José Sarney – Ex-Presidente da República
O tempo destrói tudo. E constrói. É dele que se faz a vida. Comovem, como exemplo, pessoas que, sendo o presente, são passos do passado. Lembro nossos velhos comunistas, intransigentes, ranzinzas nas posições inabaláveis. Como os santos, acreditavam em Deus e no Diabo. Contra este, matavam; por Aquele, morriam.
Essas reflexões ocorreram-me quando li uma entrevista de Santiago Carrillo, o velho líder comunista espanhol. Ele é da geração e da estirpe dos nossos Prestes, João Amazonas, Giocondo Dias, Álvaro Cunhal, o português. Isso significa vidas – umas mais, outras menos – de exílio, prisões, clandestinidade. Lembro quando transcorreram, na Espanha, os 25 anos da matança da rua Atocha, 55, em Madri, começo da abertura política. O rei Juan Carlos tinha dado o sinal verde. Adolfo Suarez iniciou o processo. Um grupo de ultradireita invadiu o escritório dos advogados dos presos comunistas e assassinou cinco deles, cantando “Cara al Sol”, o hino franquista. Queriam deter a abertura.
Carrilo depõe: “A partir desse instante, tudo mudou”. Todos se uniram para enfrentar o radicalismo. Surgiu Moncloa e a legalização do Partido Comunista Espanhol. Quando se fala na democratização espanhola, esquecemos que foi marcada por um banho de sangue.
O Brasil fez a transição mais pacífica de todas. Lembro-me da legalização dos partidos comunistas. Hoje parece um assunto banal. Ser comunista despertava ódio e ameaças. Tancredo Neves, diante do problema, que era crucial para os militares, disse que a legalização do PC era um assunto do Judiciário, não do Executivo. Quando assumi o governo, minha conduta foi remover de uma vez todos os impasses. Tancredo, com sua força política e sua liderança, poderia ter estratégias de aproximação sucessivas. Eu não. Tinha de ganhar tempo para evitar reações. Assim, antes de qualquer discussão, surpreendi a todos recebendo Giocondo Dias, João Amazonas e os líderes dos partidos chamados fora-da-lei. A partir daquele instante, não havia mais o que discutir sobre partidos comunistas. Estavam incorporados ao processo político, com o aval do convívio com o presidente, o que acabava com o preconceito e com a discriminação.
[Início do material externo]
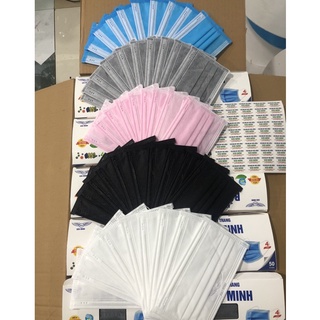 Hộp 50 chiếc Khẩu Trang Y Tế Bảo Minh Kháng Khuẩn Vải Định Lượng Cao Ngừa Bụi Tránh Vi Khuẩn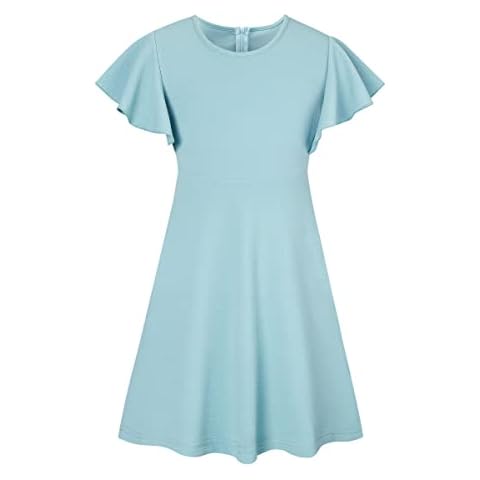 SFreeBo Girls Blue Summer Party Dress Cover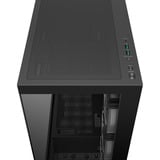 DeepCool CG580 4F V2 midi tower behuizing Zwart | 2x USB-A | 1x USB-C | RGB | Tempered Glass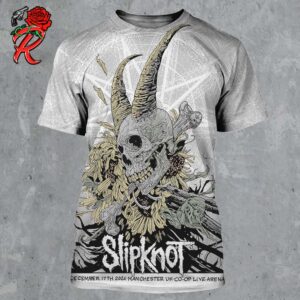 Slipknot Manchester UK 2024 Tour Poster Live At Co Op Live Arena On December 17 2024 All Over Print Shirt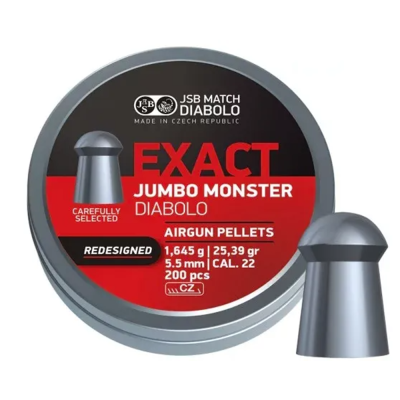Пули для пневматики JSB Exact Jumbo Monster (Redesigned) 5.5мм 1.645гр. (200шт)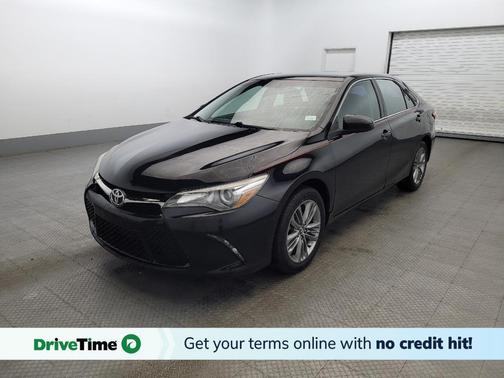 Midnight Black Metallic 2016 Toyota Camry SE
Conheci então, de perto, Giocondo Dias, de quem Jorge Amado gostava muito. Homem simples, patriota e bom. E João Amazonas, que depois assumira a sua aposentadoria, cercado pelo respeito nacional, uma vida de firmeza missionária. Quando conversava com ele, ouvia os passos de sua geração de resistência. Há alguns anos, encontrei-o em um avião, já no esforço da velhice, ainda na paixão da luta. É o mesmo idealista. Prestes, pessoalmente, vi uma só vez – foi visitar-me numa peregrinação que fez ao Congresso. A foto de sua visita foi aproveitada num filme que rodou nos quartéis para mostrar a cumplicidade dos comunistas com a chapa Tancredo-Sarney.
Vejo com o mesmo olhar Castelo Branco, Gustavo Corção, Alceu Amoroso Lima, Sobral Pinto, Raul Pila, Juarez Távora, Austregésilo de Athayde, Barbosa Lima Sobrinho, Arthur Bernardes, Tristão da Cunha. De todos, esquerda ou direita, podíamos discordar, mas jamais deixar de respeitar suas idéias e louvar suas vidas. Nossos velhos são a nossa história.
Hoje, muitos falam da transição democrática citando pessoas com um sotaque de discriminações.
Eu, oleiro desse período, que amassei o duro barro da restauração das instituições, quando vejo a Espanha lembrar seus massacres político-ideológicos, recordo a paz e a tolerância com que o Brasil voltou à democracia.